Team New Zealand Kapai (from left) Dan Miles, Claire Harlick and Jason Clark.
Team New Zealand Kapai (from left) Dan Miles, Claire Harlick and Jason Clark.
When 45 of the world's best mixologists (yes, there is such a word) congregate in the same town, several things are guaranteed to happen: there will be madness, there will be mayhem and there will be an abundance of tasty cocktails made.

The fifth annual Cocktail World Cup will begin in Queenstown on Tuesday.

42 Below "vodka professor" Jacob Briars reckons it is the "Olympics" of bar tending, not an event to be taken lightly.

The competition is intense and the events extreme and, for the first time, Queenstown will have two of its own representing New Zealand.

Debajo's Jason Clark and Eichardts' Dan Miles have been named in the Team New Zealand Kapai team, the third member being Wellington's Claire Harlick, who works at the Matterhorn.

Miss Harlick last year represented Scotland, but Cup rules state you cannot represent the same country twice.

For the Queenstown lads the pressure is well and truly on.

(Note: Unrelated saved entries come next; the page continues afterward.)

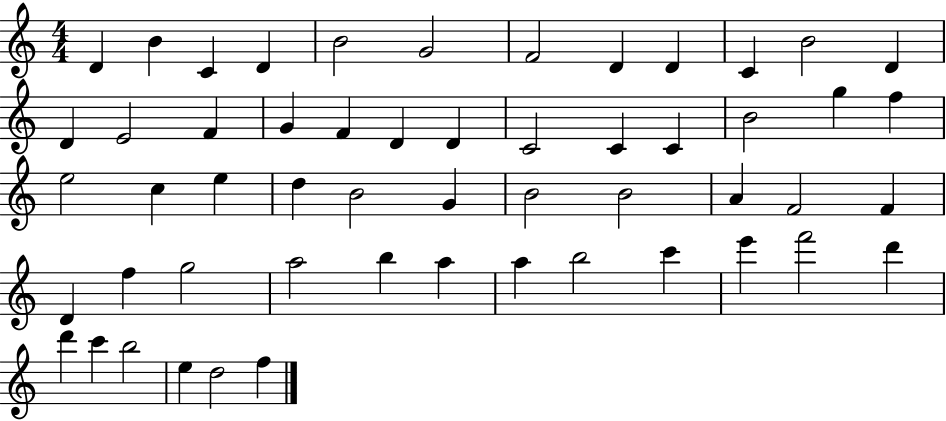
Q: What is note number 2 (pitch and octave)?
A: B4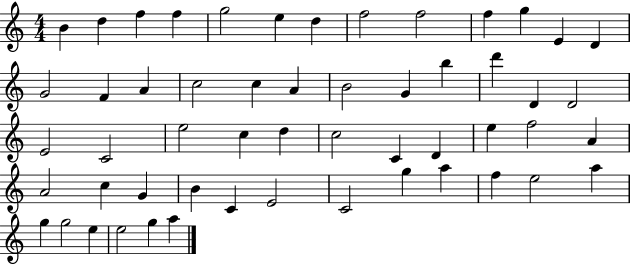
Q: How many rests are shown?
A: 0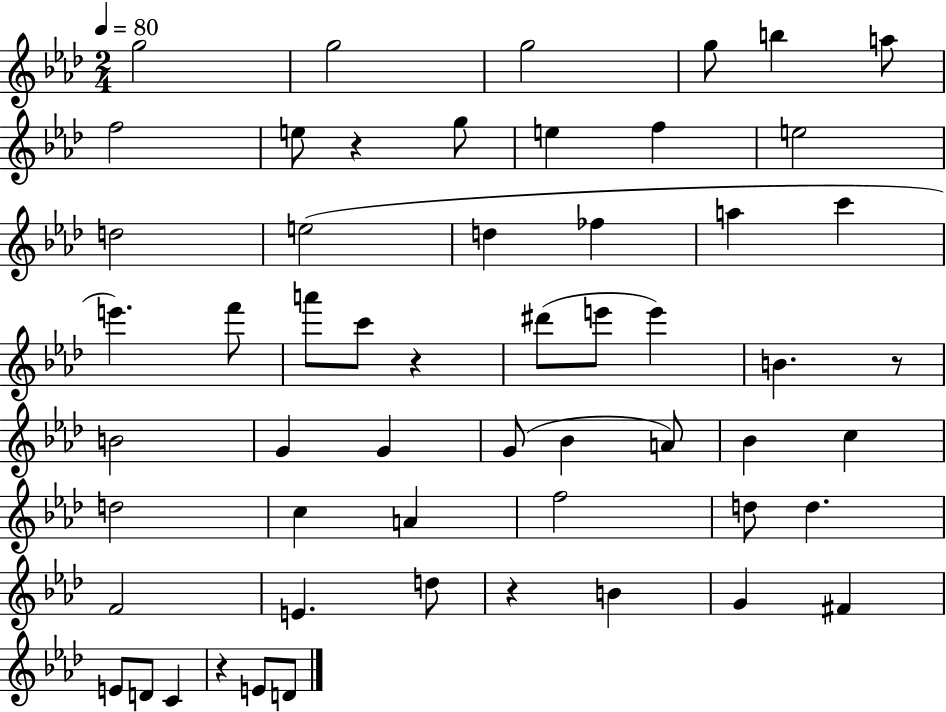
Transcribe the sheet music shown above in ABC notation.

X:1
T:Untitled
M:2/4
L:1/4
K:Ab
g2 g2 g2 g/2 b a/2 f2 e/2 z g/2 e f e2 d2 e2 d _f a c' e' f'/2 a'/2 c'/2 z ^d'/2 e'/2 e' B z/2 B2 G G G/2 _B A/2 _B c d2 c A f2 d/2 d F2 E d/2 z B G ^F E/2 D/2 C z E/2 D/2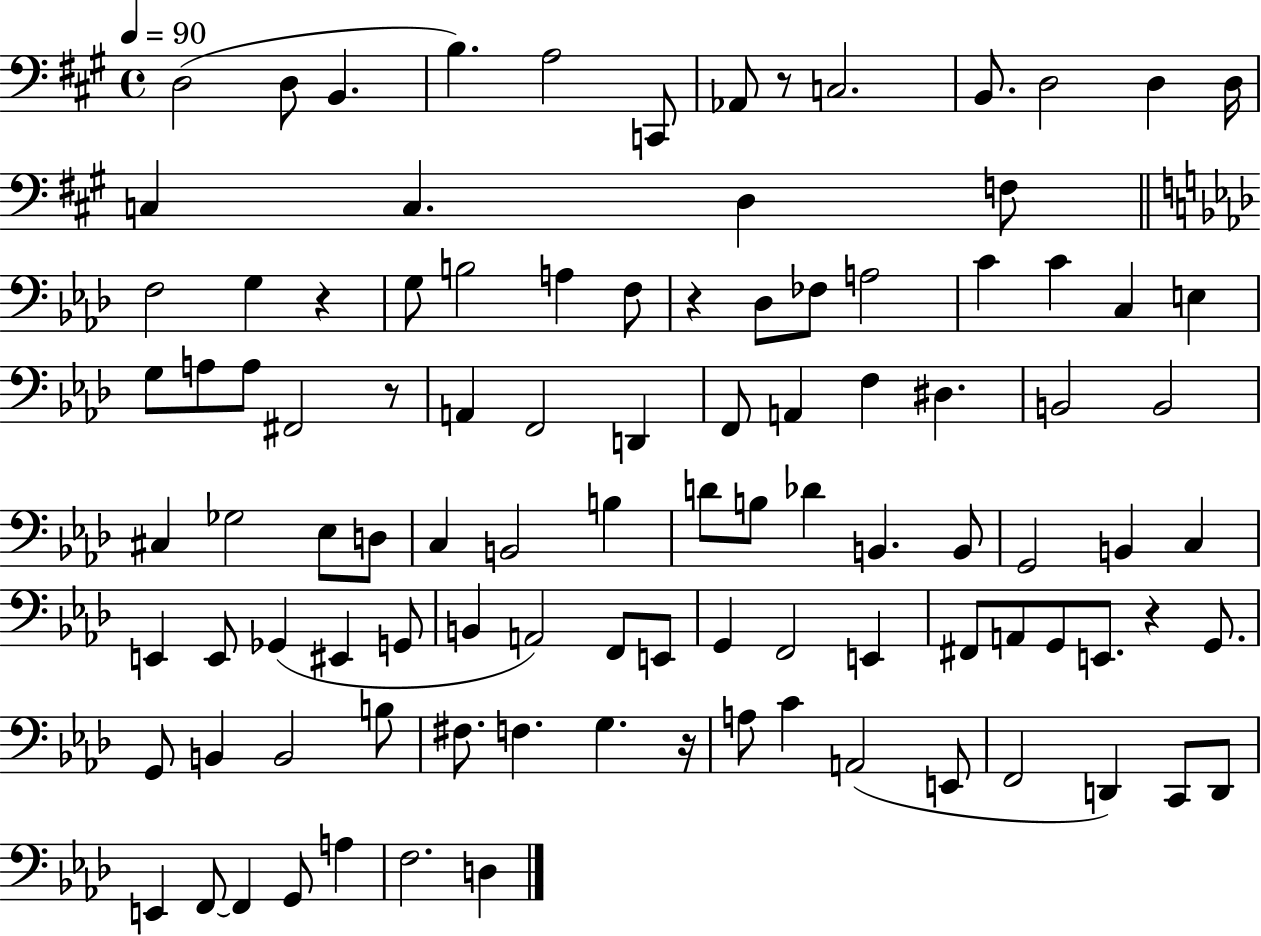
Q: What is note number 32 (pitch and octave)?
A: A3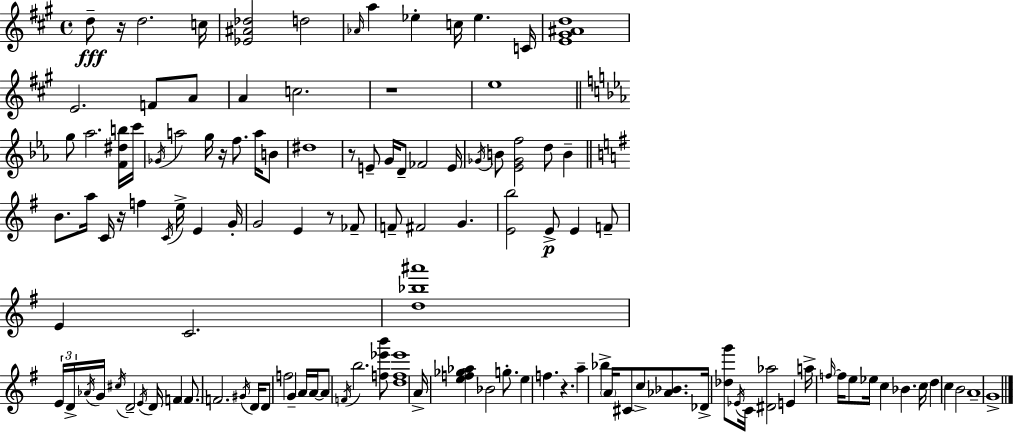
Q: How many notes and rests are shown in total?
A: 121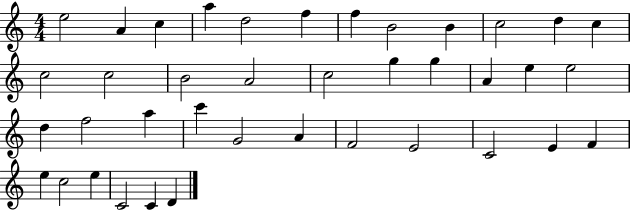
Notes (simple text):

E5/h A4/q C5/q A5/q D5/h F5/q F5/q B4/h B4/q C5/h D5/q C5/q C5/h C5/h B4/h A4/h C5/h G5/q G5/q A4/q E5/q E5/h D5/q F5/h A5/q C6/q G4/h A4/q F4/h E4/h C4/h E4/q F4/q E5/q C5/h E5/q C4/h C4/q D4/q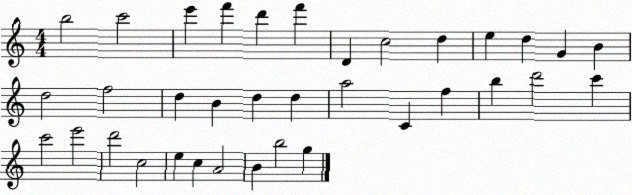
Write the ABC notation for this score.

X:1
T:Untitled
M:4/4
L:1/4
K:C
b2 c'2 e' f' d' f' D c2 d e d G B d2 f2 d B d d a2 C f b d'2 c' c'2 e'2 d'2 c2 e c A2 B b2 g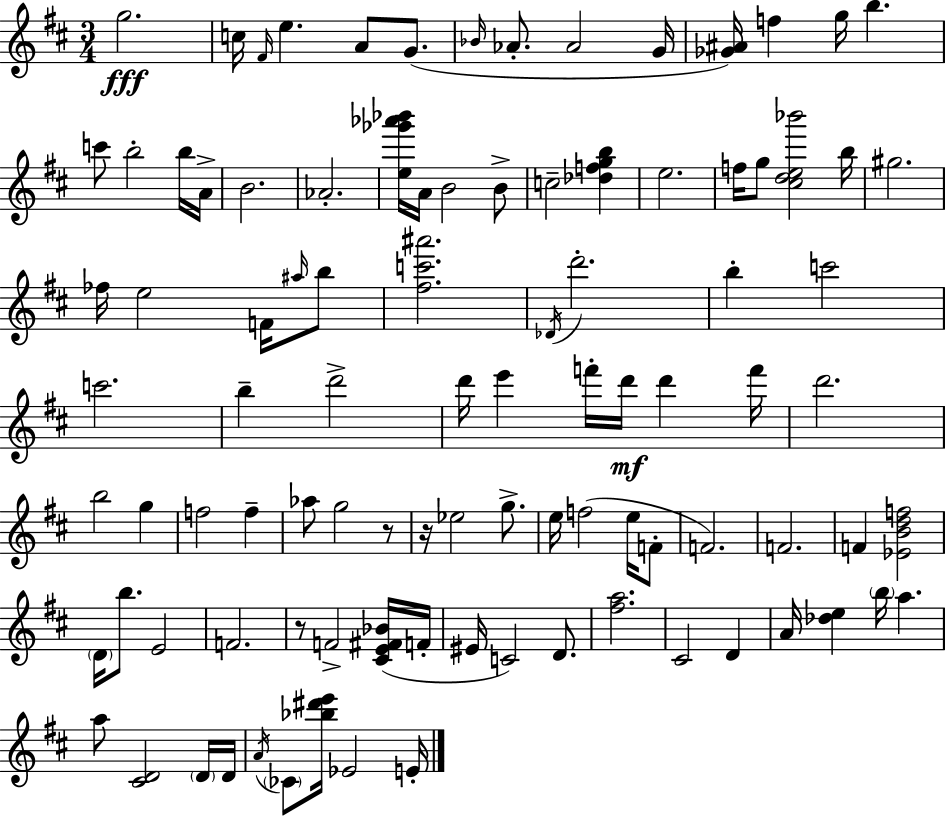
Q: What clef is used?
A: treble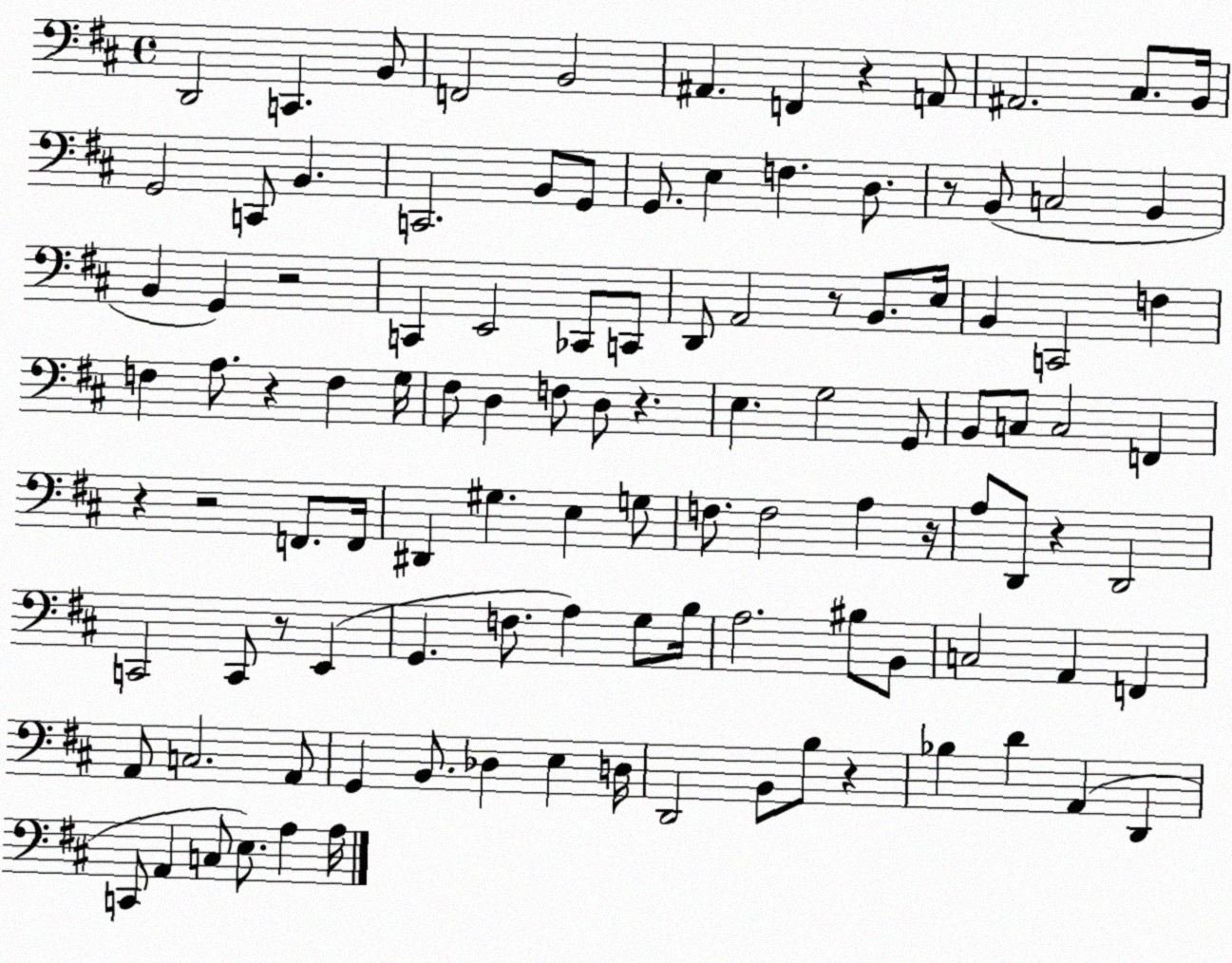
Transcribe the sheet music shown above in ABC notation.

X:1
T:Untitled
M:4/4
L:1/4
K:D
D,,2 C,, B,,/2 F,,2 B,,2 ^A,, F,, z A,,/2 ^A,,2 ^C,/2 B,,/4 G,,2 C,,/2 B,, C,,2 B,,/2 G,,/2 G,,/2 E, F, D,/2 z/2 B,,/2 C,2 B,, B,, G,, z2 C,, E,,2 _C,,/2 C,,/2 D,,/2 A,,2 z/2 B,,/2 E,/4 B,, C,,2 F, F, A,/2 z F, G,/4 ^F,/2 D, F,/2 D,/2 z E, G,2 G,,/2 B,,/2 C,/2 C,2 F,, z z2 F,,/2 F,,/4 ^D,, ^G, E, G,/2 F,/2 F,2 A, z/4 A,/2 D,,/2 z D,,2 C,,2 C,,/2 z/2 E,, G,, F,/2 A, G,/2 B,/4 A,2 ^B,/2 B,,/2 C,2 A,, F,, A,,/2 C,2 A,,/2 G,, B,,/2 _D, E, D,/4 D,,2 B,,/2 B,/2 z _B, D A,, D,, C,,/2 A,, C,/2 E,/2 A, A,/4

"It's one thing to represent your country, it's another thing to represent your country in the town you live, in front of all your friends and colleagues," Mr Miles said.

While New Zealand teams previously have not been able to resist the temptation to go "totally Kiwiana", which has been confusing for the panel of primarily international judges, the Kapai team would be offering something "completely different".

Just what will be revealed next week.

The team is hoping their recipe will help them be the first New Zealand team to win the cup final.

One of the New Zealand teams last year was runner-up to the Las Vegas team.

Mr Briars said the event was a "once-in-a-lifetime opportunity", not only for those who had never left their home country to travel to Queenstown, but for the chance to expose ideas to the best in the industry.

"We bring 45 of the best bar tenders together . . . you're going to get great electricity.

"A lot of ideas get exchanged, new ideas get exposed. Those ideas can end up [on cocktail menus]."

The competition works on a running tally after the completion of small challenges through the week.

Teams are judged on all the skills that go into bar tending, not the least of which will be showmanship. And rest assured, the cocktails will be in a class of their own.